O cientificismo presente na prosa de Euclides também aparece na poesia?
Francisco Foot Hardman: É interessante notar algumas coisas. Nos manuscritos de Euclides que chegaram a nós encontramos fragmentos de poesias em talonário de anotações da Superintendência de Obras Públicas do Estado de São Paulo. Um caderno de exercício de cálculos de sua época da Escola Militar, do seu segundo ano, também tem alguns poemas interessantíssimos, como, por exemplo, o Cristo. Uma de suas versões saiu no Estadão em 1892. Outro poema tem uma variante também muito interessante. Primeiro é chamado de Álgebra Lírica; depois, Amor Algébrico. Euclides trabalha nessa ciência vã dos números, como imagem. A poesia surge, assim, absolutamente dentro do contexto das matérias que tinha na sala de aula. Outro comentário é que, no poema que escreve sobre a foto (Se Acaso Uma Alma se Fotografasse), ele tenta traçar uma espécie de autoironia, por assim dizer, com relação ao meio moderno presente naquele momento que é a própria fotografia.
A ideia de ‘paraíso verde’ impede que vejamos a Amazônia como ela é?

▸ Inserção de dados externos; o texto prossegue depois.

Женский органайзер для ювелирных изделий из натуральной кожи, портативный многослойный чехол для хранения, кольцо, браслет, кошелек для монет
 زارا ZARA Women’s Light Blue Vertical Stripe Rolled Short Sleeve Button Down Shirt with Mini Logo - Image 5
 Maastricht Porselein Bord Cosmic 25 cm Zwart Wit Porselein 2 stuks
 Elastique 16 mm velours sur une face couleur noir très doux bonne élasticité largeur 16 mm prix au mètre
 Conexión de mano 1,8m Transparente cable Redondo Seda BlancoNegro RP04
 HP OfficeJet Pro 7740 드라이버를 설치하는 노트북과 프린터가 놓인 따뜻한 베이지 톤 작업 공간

Milton Hatoum: Claro, porque já cria uma expectativa, você já faz uma leitura prévia da região. Euclides caiu nesse conto do vigário. Essa visão de pulmão do mundo e outros grandes clichês escondem que na Amazônia as pessoas ainda morrem de malária, de leishmaniose. A fantasia cria mitos que ocultam a verdade. Você tem dar voz aos cientistas da Fiocruz, do Inpa, da Embrapa, do Museu Goeldi, gente que trabalha com pesquisa na Amazônia. Ouvir o que os ribeirinhos têm a dizer, o que o povo da Amazônia tem a dizer. Não se pode proibir a caça da tartaruga o ano todo, proibir as pessoas de comer. Tem que proibir a pesca por tanto tempo? No fim, Euclides disse uma coisa importante. Ele ficou tão enlouquecido com aquela grandeza, tão desarmado, que no prefácio do livro do Alberto Rangel, O Inferno Verde, escreveu que a Amazônia é tão grande, tão complexa, que é uma espécie de infinito que deve ser dosado.
PALESTRANTES
NÍSIA TRINDADE LIMA: Socióloga e pesquisadora da Casa de Oswaldo Cruz/Fiocruz, é autora de, entre outros, Um Sertão Chamado Brasil (Revan) e Saúde e Democracia (FioCruz), além de organizadora, com Dominichi Miranda de Sá, de Antropologia Brasiliana (Editora UFMG).
FRANCISCO FOOT HARDMAN: Professor do Programa de Teoria e História Literária do Instituto de Estudos da Linguagem da Unicamp, é autor de A Vingança da Hileia: Euclides da Cunha, a Amazônia e a Literatura Moderna (Unesp) e Trem Fantasma (Companhia das Letras), entre outros.
MILTON HATOUM: Escritor e tradutor amazonense, escreveu quatro romances – Relato de um Certo Oriente, Dois Irmãos, Cinzas do Norte e Órfãos do Eldorado – e o livro de contos A Cidade Ilhada. Ganhou três prêmios Jabuti e um Portugal Telecom. É cronista do Caderno 2.’
Leopoldo Bernucci
‘Consagrado, ele continua um enigma’
‘A biografia de Euclides da Cunha sempre me interessou, mas nunca do ponto de vista da análise. Nos últimos tempos, porém, para ajudar um amigo, Frederic Amory, falecido recentemente (de quem estamos prestes a publicar aqui Euclides da Cunha: Uma Odisséia nos Trópicos), retomei o tema, que no caso de Euclides se torna complicado pelo desencontro de informações. Não sou seu biógrafo, mas reconheço a utilidade das biografias realizadas, dando a conhecer a vida do autor, seus textos e a visão de seus contemporâneos. Eu me refiro aqui a algumas conhecidas, como a de Eloy Pontes, Francisco Venâncio Filho, Silvio Rabelo, Olímpio de Souza Andrade, Leandro Tocantins e Roberto Ventura. Como também a esboços biográficos de Walnice Galvão e Luiz Costa Lima. Walnice, por exemplo, investigou os anos decisivos que Euclides da Cunha passou na escola militar.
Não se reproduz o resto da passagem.